(Task details): Nothing but the lines from the one with "Paper boat floating on rippled water" down to the one with "Playa Kalki Curacao" should be returned, exactly and with both ends included, from the material below.
***** Source records
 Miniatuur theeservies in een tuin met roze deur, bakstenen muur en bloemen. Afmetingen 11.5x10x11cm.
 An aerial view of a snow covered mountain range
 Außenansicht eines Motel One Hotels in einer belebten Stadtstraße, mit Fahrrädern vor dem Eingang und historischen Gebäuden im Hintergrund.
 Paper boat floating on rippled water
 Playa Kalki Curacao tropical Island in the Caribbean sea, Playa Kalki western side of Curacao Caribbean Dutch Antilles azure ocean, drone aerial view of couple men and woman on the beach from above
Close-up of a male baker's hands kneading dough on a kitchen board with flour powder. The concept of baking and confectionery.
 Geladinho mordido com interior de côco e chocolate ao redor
**********
***** Source records
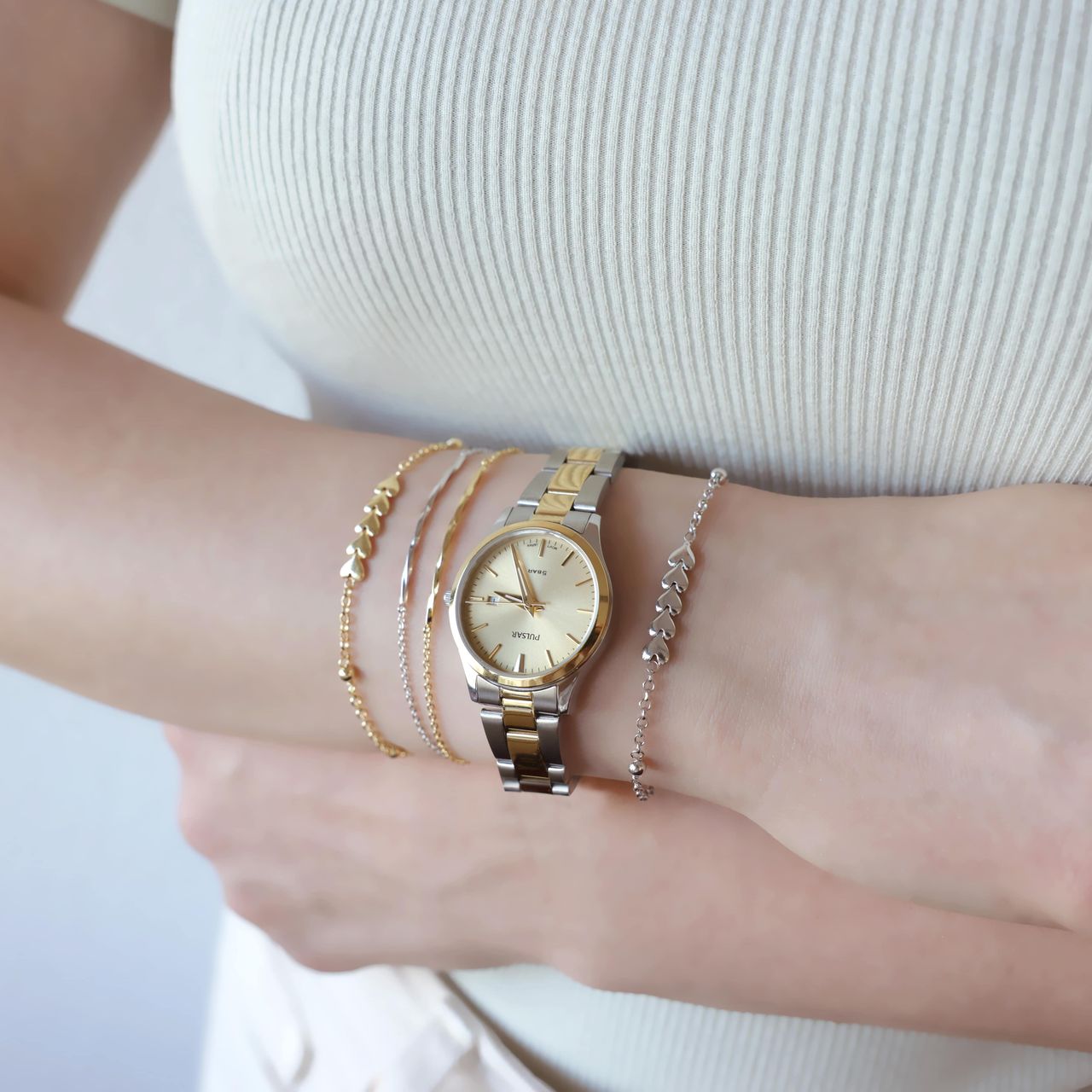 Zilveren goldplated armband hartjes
**********
(Output):
 Paper boat floating on rippled water
 Playa Kalki Curacao tropical Island in the Caribbean sea, Playa Kalki western side of Curacao Caribbean Dutch Antilles azure ocean, drone aerial view of couple men and woman on the beach from above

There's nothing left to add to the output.